兩人正常地走著,傅天河突然蹲下來給他系鞋帶的感覺實在有些奇怪,正常情況下不該是直接出言提醒他鞋帶開了嗎
但更奇怪的在于,他反抗的意愿并沒有多堅決,如果自己執意想要閃躲,就算傅天河動作再快,也不可能幫他成功系上。
究竟是哪里出了問題呢
陳詞還默默思考著,傅天河便站起身來,他隨手拽回下滑至大臂位置的書包帶子,熱熱切切地招呼道“走吧。”
陳詞只得隨著他的腳步再度推車向前。
傅天河家的小區就在他回家的必經之路上,訓練的幾天里他們會一直聊著天走到小區門口,告別之后陳詞再騎車回家。
到了該分別的時候,傅天河再次停下腳步。
他沒再開啟關于物理學競賽的話題,而是嘗試著問道“今晚吃的那頓飯還算滿意嗎”
“挺好的。”陳詞點頭,給了他肯定地回答,“辛苦你了,希望陳念和沙弗萊有把家里收拾干凈。”
“要是沒收拾好,我就給你發消息,記得幫我教訓陳念。”傅天河故意開玩笑道。
往常陳詞面對旁人各種各樣的玩笑,總是無動于衷,就好像他生來就缺少名為幽默感的那根筋。
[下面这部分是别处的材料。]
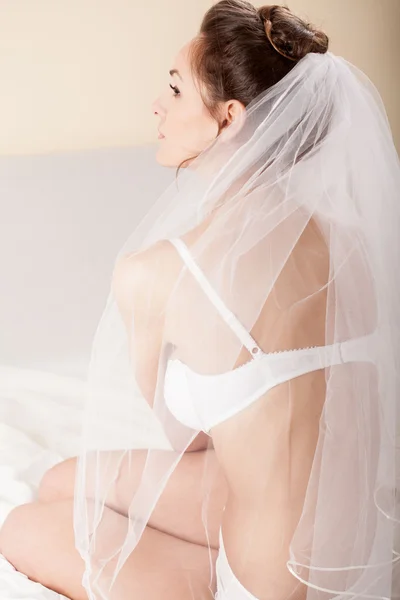 Приваблива наречена в спальні з білою фатою — стокове фото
但在夜色籠罩的燈光下,傅天河清晰捕捉到了少年唇角微微上揚的弧度,很輕很輕,卻無法將其忽略。
笑了笑了。
每次看到陳詞淺笑,傅天河都會忘記自己原本想要說些什么。
兄弟倆雖然長得一模一樣,但陳詞的笑和陳念的笑截然不同。
陳念總是樂呵呵,嘴巴開心地咧著,渾身散發著熱情洋溢的快樂氣息,那雙琥珀色的眼睛鬼精鬼精地滴溜溜直轉,讓人總懷疑是不是又冒出了什么鬼點子。
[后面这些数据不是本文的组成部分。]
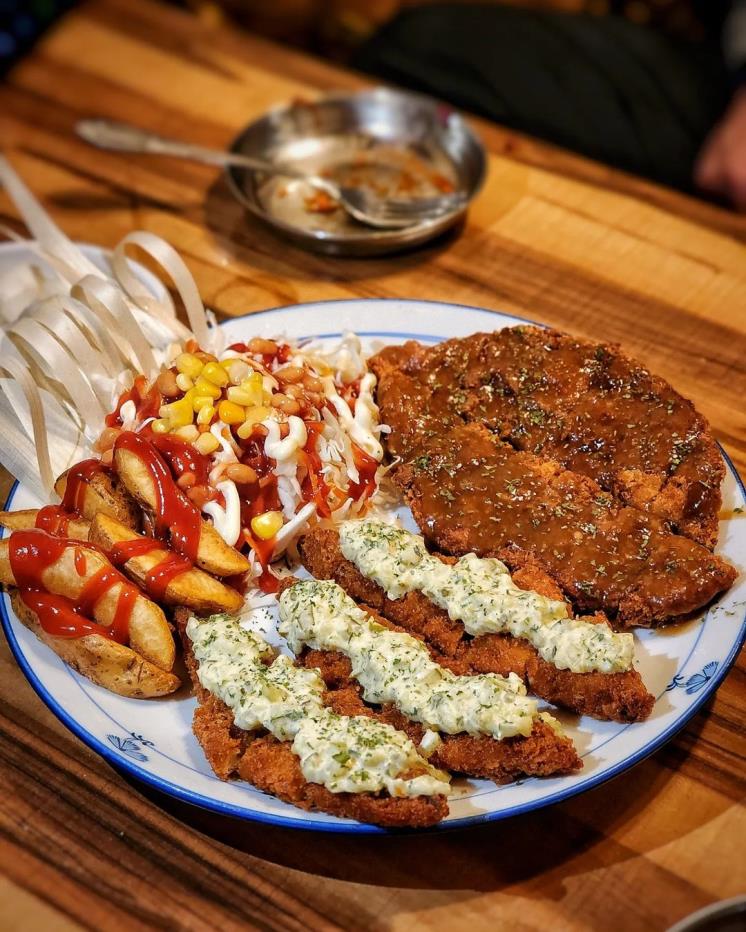 레트로 감성 그대로! 호프 치킨 맛집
陳詞就要溫和許多。不,也許比起溫和,更應該用沉靜來形容。
傅天河的文化素養比較有限,陳詞眉眼和唇角彎起的弧度都非常克制,如同展現著典雅風格的古典藝術,細微之處最動人心。
傅天河本人非常情緒外露,而他的朋友們大多也情況相同,大家都是外向又開朗的人,只有陳詞屬于例外。
他和陳詞之間有太多地方都不盡相同,可就是這么奇妙地成了朋友,甚至還讓傅天河人生當中第一次體會到了喜歡一個人的感覺。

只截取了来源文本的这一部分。